Task description
Repeat, word for word, all the data that follows, and exclude the pictures.

Supplied material
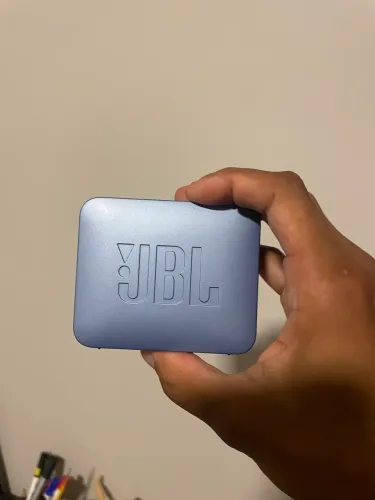 CAIXA JBL GO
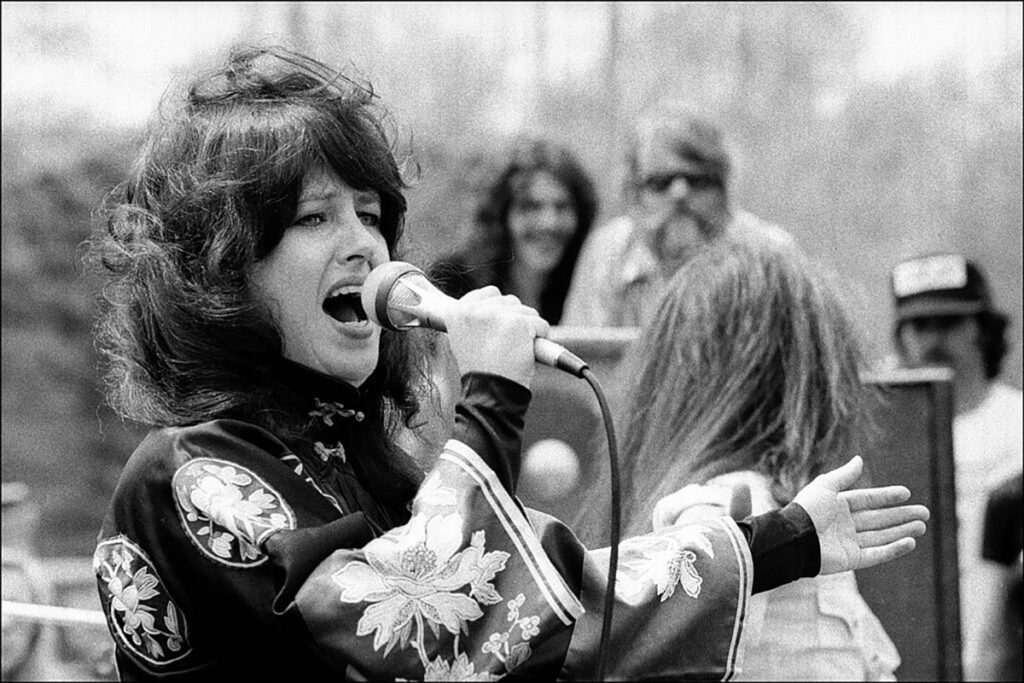 Psychedelic Stories Of Female Rock Icon Grace Slick
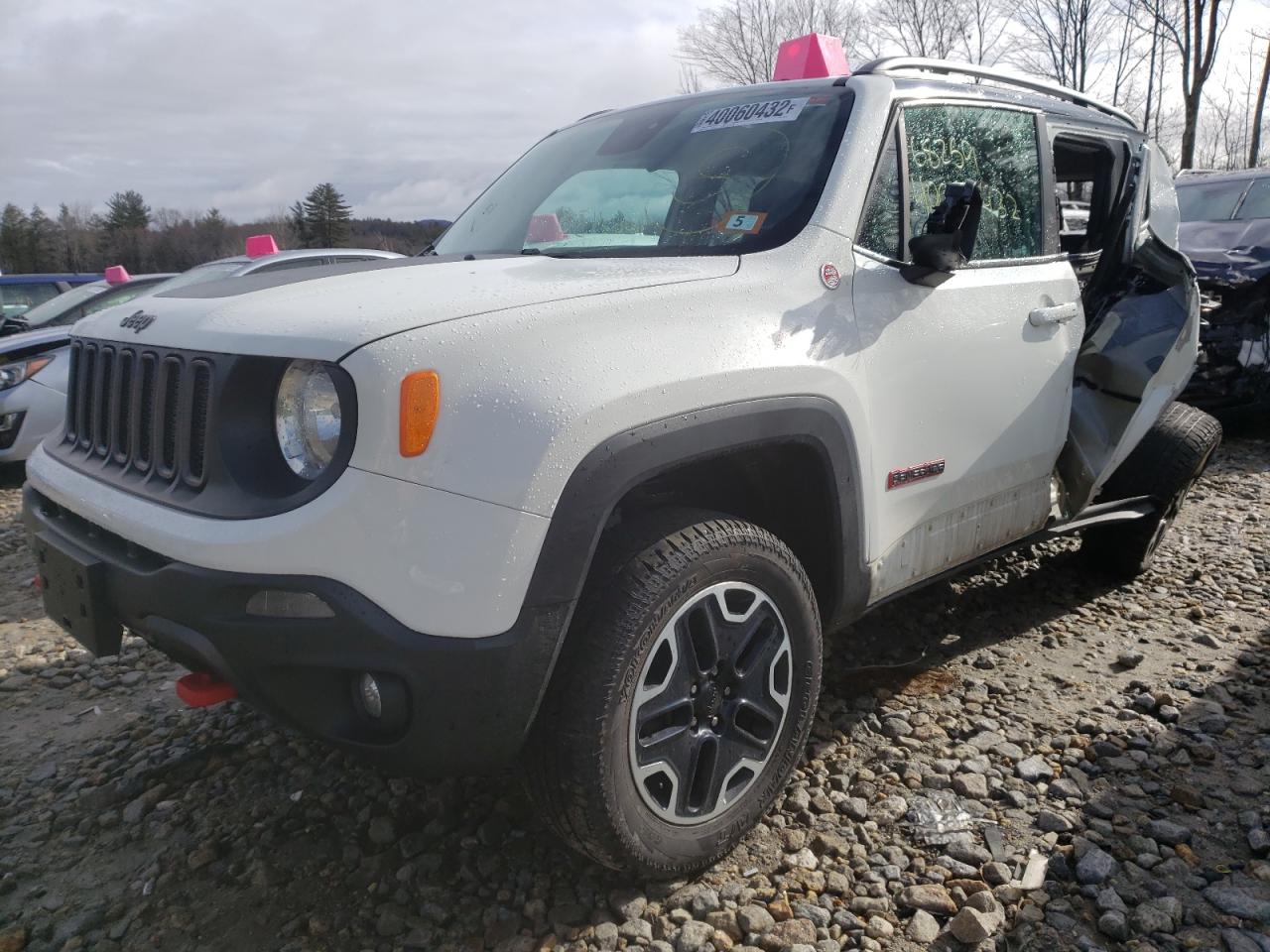 Photo 2 from auction – 2016 JEEP RENEGADE T with VIN ZACCJBCTXGPE09316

Response area
 CAIXA JBL GO
 Psychedelic Stories Of Female Rock Icon Grace Slick
 Photo 2 from auction – 2016 JEEP RENEGADE T with VIN ZACCJBCTXGPE09316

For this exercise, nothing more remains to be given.